W. Craig Carter
Primary Impact, Materials, Research Type
Contact Info
Assistant
Research
Professor W. Craig Carter came to MIT with a research focus in the application of theoretical and computational materials science to microstructural evolution and the relations between material properties and microstructure. He places particular emphasis on the physical analysis of complex processes when possible and the development of numerical algorithms and codes when microstructural simulation is required. In recent years he has brought his interests and skills to the science of battery materials and the electro-chemo-mechanics of phase transitions and fracture of battery electrodes.
Biography
Professor Carter received all his degrees in materials science at the University of California, Berkeley, earning a PhD in 1989. He worked at the National Institute of Standards and Technology and the Rockwell Science Center before joining MIT in 1998. Professors Carter and Yet-Ming Chiang have developed a flow battery that utilizes co-suspensions of solid-state electrodes and electronically conductive particulates. They co-founded a company, 24M, to produce grid scale energy storage systems.
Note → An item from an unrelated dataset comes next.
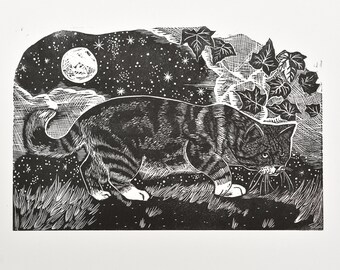 A Cat in the night | Linocut Print | Original Handmade Art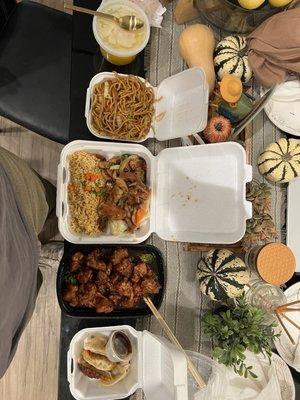 Egg drop soup, noodles, teriyaki chicken & rice, orange chicken, and Pan Fried Dumplings (we already had a few to eat!)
With Professor Neri Oxman of the MIT Media Lab, Professor Carter has collaborated on several projects that incorporate aspects of materials science, natural design, and mythology. Their work has been shown in exhibitions and added to the permanent collections of the Museum of Modern Art, the Smithsonian Institution, and the Pompidou Center. His work with Ryo Kobayashi and Jim Warren on continuum models of polycrystals produced the KWC equation which has become widely employed and studied in materials science and mathematics. His work with Rowland Cannon and Ming Tang on transitions at grain boundaries introduced complexions as a type of first-order structural and chemical transition.
Key Publications
Controlling dendrite propagation in solid-state batteries with engineered stress
Showed how metal filaments called dendrites form in solid-state batteries, and how their damaging effects can be reduced or averted altogether. Dendrites are one of the causes of premature failure of rechargeable batteries.